Most Web-based product businesses accept debit and credit cards because that is how customers want to pay. When a customer places an order, your shopping cart communicates with a credit card payment processor to authorize the charge. Once the charge is authorized, the order is accepted by the cart software and you are notified of the sale. However, no money has actually changed hands yet.

After you ship the order, you can “capture” the payment, which means you mark that customer’s payment for the nightly settlement process that will transfer money from their account to yours. If you can guarantee that every order will ship within twenty-four hours, you can set your shopping cart to “auto-capture,” which means the charge will be automatically marked for the nightly settlement. Most product businesses can’t guarantee that kind of response time, so you capture as you ship instead.

Capturing is an important step. If you ship the order and forget to capture the payment, you may never get paid for that order. The payment processor holds onto the pending transaction for a limited period of time. After that period expires, the transaction is automatically voided. To make sure that never happens to you, be sure to incorporate payment capturing into your order processing procedure.

Recording Orders

Orders enter your business through your shopping cart software. Because it is the entry point, your shopping cart software generally determines the shape an order transaction takes from an accounting perspective. For example, they way your shopping cart software handles discounts and coupons determines what kind of special offers you can make to your customers, and every program is different.

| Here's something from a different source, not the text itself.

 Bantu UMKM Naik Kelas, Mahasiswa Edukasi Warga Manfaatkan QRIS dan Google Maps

Getting order information out of your shopping cart and into your accounting software is another challenge. If your shopping cart does not export to a format that your accounting software can read, then you will have to re-enter the orders by hand. Even if your accounting software can import your cart data, it is often a trial-and-error process because of the way the cart data must map into the appropriate buckets in your accounting software.

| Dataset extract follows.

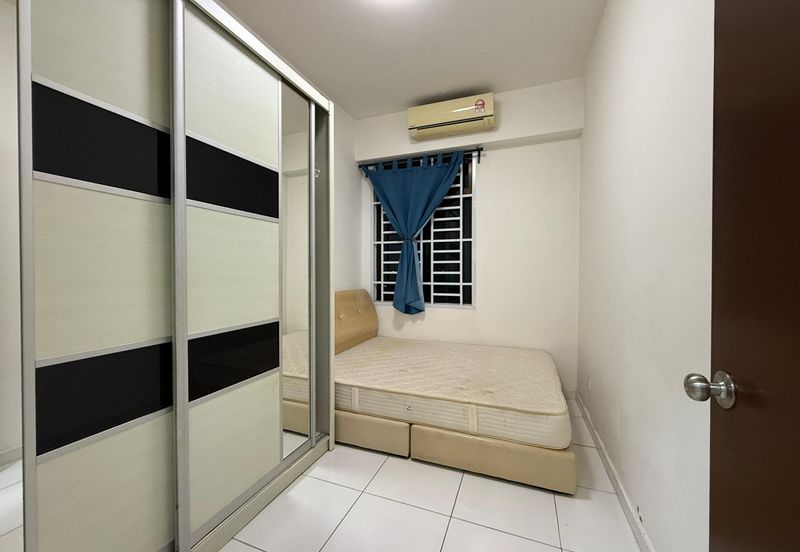 Sky Gardens Residences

Another data integration point involves your payment processor. The payment processor is the repository for information about what deposits were made to your merchant account. If you remember the discussion about capturing payments, you’ll recall that the funds are received for selected orders in nightly settlement batches. Because of this, when you import orders from your shopping cart, you should not record the transaction as an immediate deposit to your merchant account. Your orders should come in as some kind of receivable (i.e. as an invoice). When the customer’s payment is captured and then settled (which could be several days after you receive the order), that is when you officially receive payment and deposit the money into your merchant account.

Get Professional Help

Okay, that last part about the payment processor was probably too much information. If you are still awake out there, you might be thinking, “I don’t want to deal with all this!” Well, you don’t really have to. If nothing else, this discussion about the financial implications of operating a product business might have just convinced you that the first thing you should outsource is your bookkeeping. On the other hand, if you are up to the challenge, then at least be sure to consult with a qualified tax accountant about how you plan to manage your books.

Just to be clear, don’t take the information I’ve given you here as the best or only way to handle things. I’m not an accountant, I’ve just had to deal with managing the books for my business for a while, and I wanted to give you a taste for what’s involved. If you are going to handle the books yourself, talk to your accountant before you get rolling: I certainly did.

It’s Up to You

None of what I’ve written about was meant to scare you off of the idea of running an Internet product business. The best things about a Web storefront are its ability to reach a wide audience and manage much of the sales cycle without your intervention.

My point is simply that the sales cycle is just a small part of the business. Every business has marketing, legal, financial, and operational requirements. Your web store handles only a small portion of the marketing and operational activities. Running the rest of the business is still up to you.